В Гельсингфорсе тяжело и душно. Нет не только организа­ции, но нет и интереса. Грузим мешки и бочки. Я карандашом пишу свою «Россию в концлагере». Чернавины уговаривают: «Ради Бога, не связывайтесь с эмиграцией: заест и продаст». Недавно от Татьяны Васильевны я получил письмо: «Ну что, не права я была, Иван Лукьянович?»... Письма в «Возрожде­ние» и полное молчание в ответ. Писал Ренникову, Алексее­ву, Гукасову — ни звука. Дорога в «Последние Новости». Куда же больше деться, о Господи? Чья-то свирепая цензура. Постепенно дохожу до бешенства. Но куда деться? Где расска­зать зарубежью о России? «Возрождение» молчит, «После­дние Новости» ставят рамки. Куда деться? Пробиваюсь в иностранную печать. Очерк о Памире обходит восемь иностран­ных изданий и дает большие деньги. Англичане предлагают дать им два-три тома таких туристических очерков. Рисуются фантастические гонорары. Я облазил Киргизию, Туркестан, Памир, Сванетию, Абхазию, Дагестан, часть Урала, Каре­лию. Писать умею. Знания английского языка хватает, чтобы корректировать переводы. Вот она мечта: домик над шхера­ми, удочка, библиотека, пишущая машинка... «а счастье было так близко, так возможно».

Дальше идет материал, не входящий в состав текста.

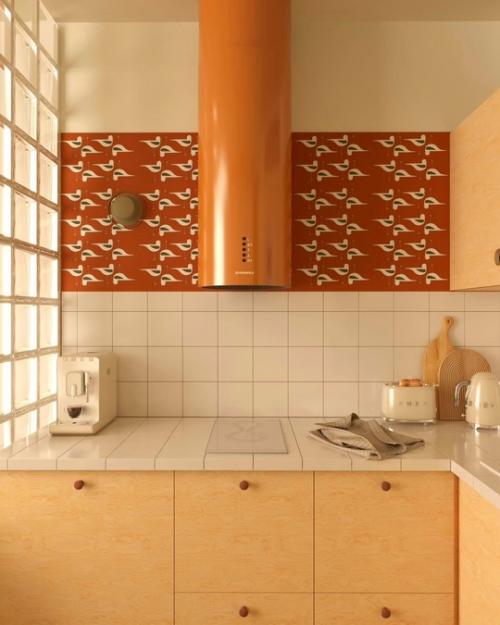 Яркая студия для студентки. 01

Над «Россией в концлагере» какое-то заклятье. Из Америки Дон-Левин пишет, что ничего не выйдет. Мистер Никербоккер утверждает, что сама тема стара и неактуальна. Тамочка в Берлине обивает пороги издательств, и всюду тот же ответ: «Да сколько уж раз об этом писали!» Месяцев восемь тому назад одно из издательств, которое в свое время отвер­гало «Россию в концлагере», предлагало мне аванс и виллу на Боден-зее с тем, чтобы я через год дал бы свой первый том «России на воле», книги, над которой я стал работать еще в России. Наши первые выступления в финском зале — русское собрание своего зала не дало. Какие-то неизвестные русские огородники, русские матросы, офицеры вдруг при­шли из полного небытия и вечер за вечером битком наполня­ли наш зал. Бывший присяжный поверенный, задавший с ме­ста вопрос: «А что такое концлагерь?», бывший генерал, кото­рый три года спустя в Париже задал вопрос: «А что такое кол­хоз?» Из месяца в месяц вырисовывается необходимость, мо­ральная необходимость, иметь свою трибуну для свободного, ничем не связанного доклада о России, только о России.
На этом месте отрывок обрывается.